Crawled caption data:

# # # # #

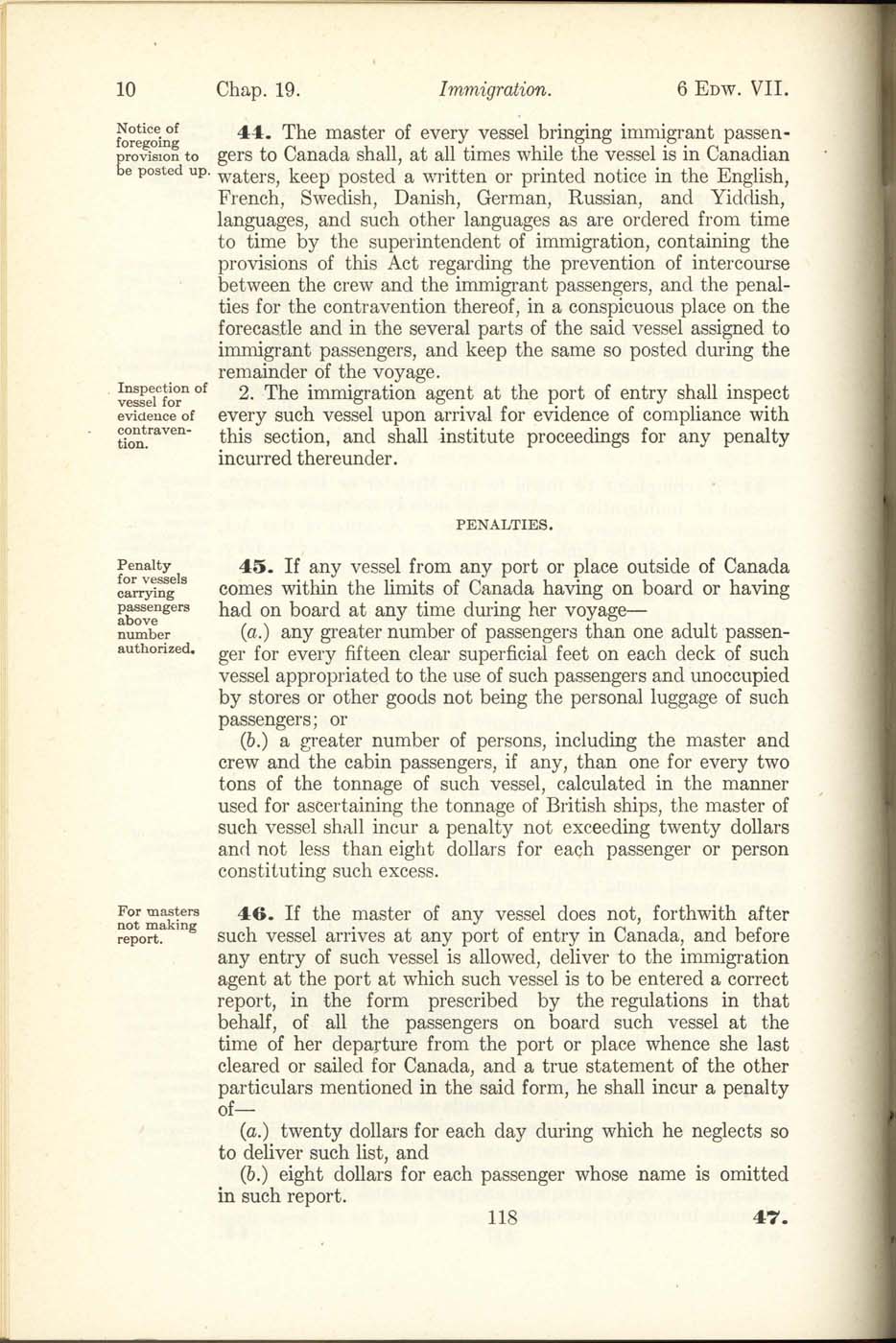 Chap. 19 Page 118 Immigration Act, 1906
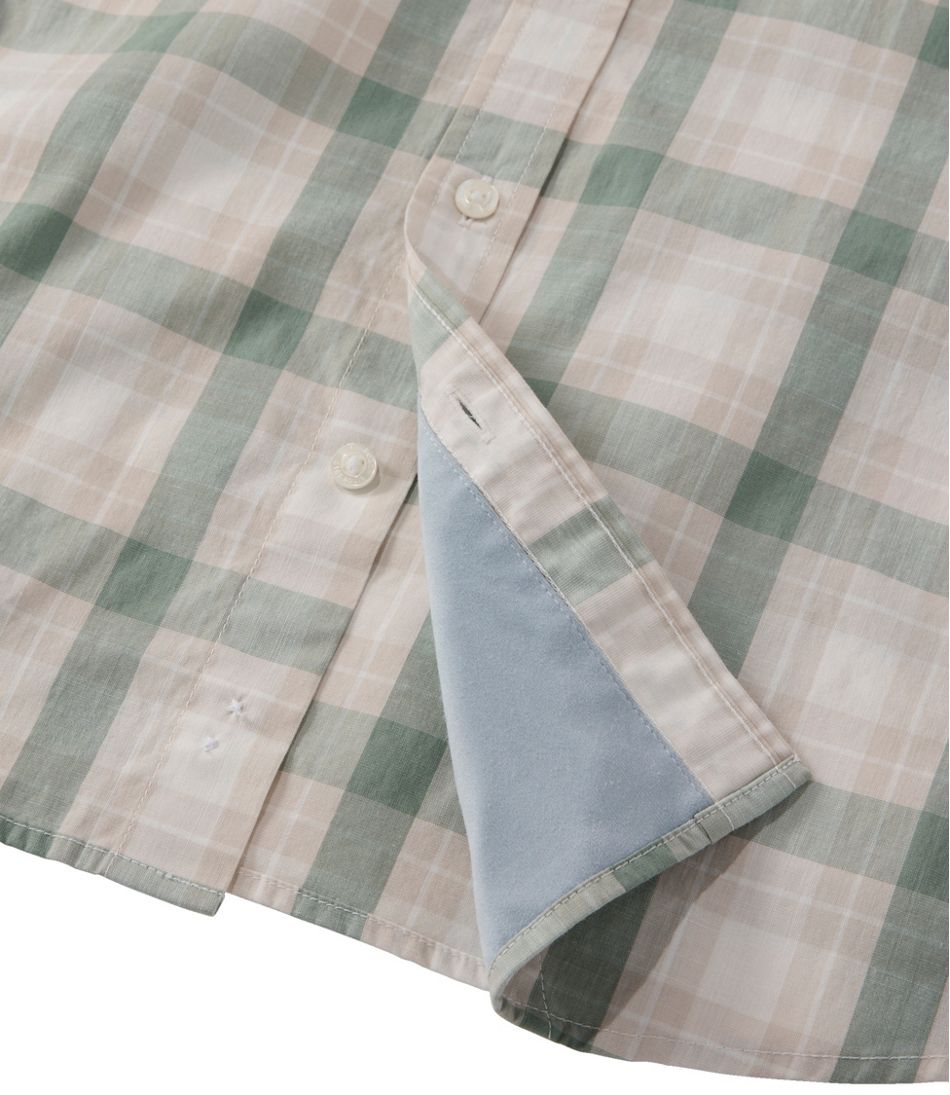 Men's Comfort Stretch Performance? Chambray Shirt, Short-Sleeve, Slightly Fitted Untucked Fit, Plaid - Image 7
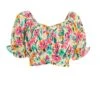 Multicoloured Floral Tie Back Crop Top -Deals Clothifyr Store 00100038613 ZM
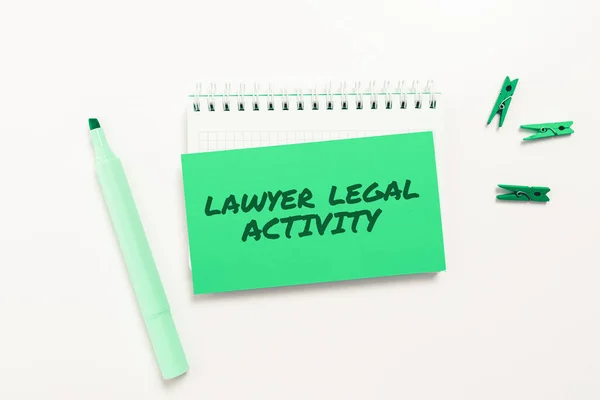 Text Showing Inspiration Lawyer Legal Activity Business Idea Prepare Cases — Stock Photo, Image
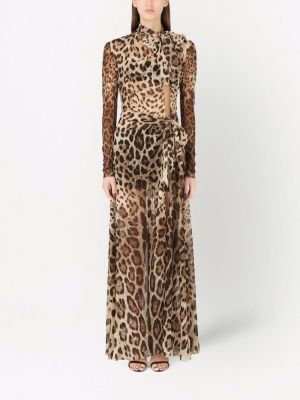 Leopardí večerní šaty s potiskem Dolce & Gabbana hnědé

# # # # #

▶ What the task asks
To complete this exercise, transcribe exactly the lines above from the one that holds "Men's Comfort Stretch" through the one that holds "Text Showing Inspiration". Pictures stay out.

▶ Task response
 Men's Comfort Stretch Performance? Chambray Shirt, Short-Sleeve, Slightly Fitted Untucked Fit, Plaid - Image 7
 Multicoloured Floral Tie Back Crop Top -Deals Clothifyr Store 00100038613 ZM
 Text Showing Inspiration Lawyer Legal Activity Business Idea Prepare Cases — Stock Photo, Image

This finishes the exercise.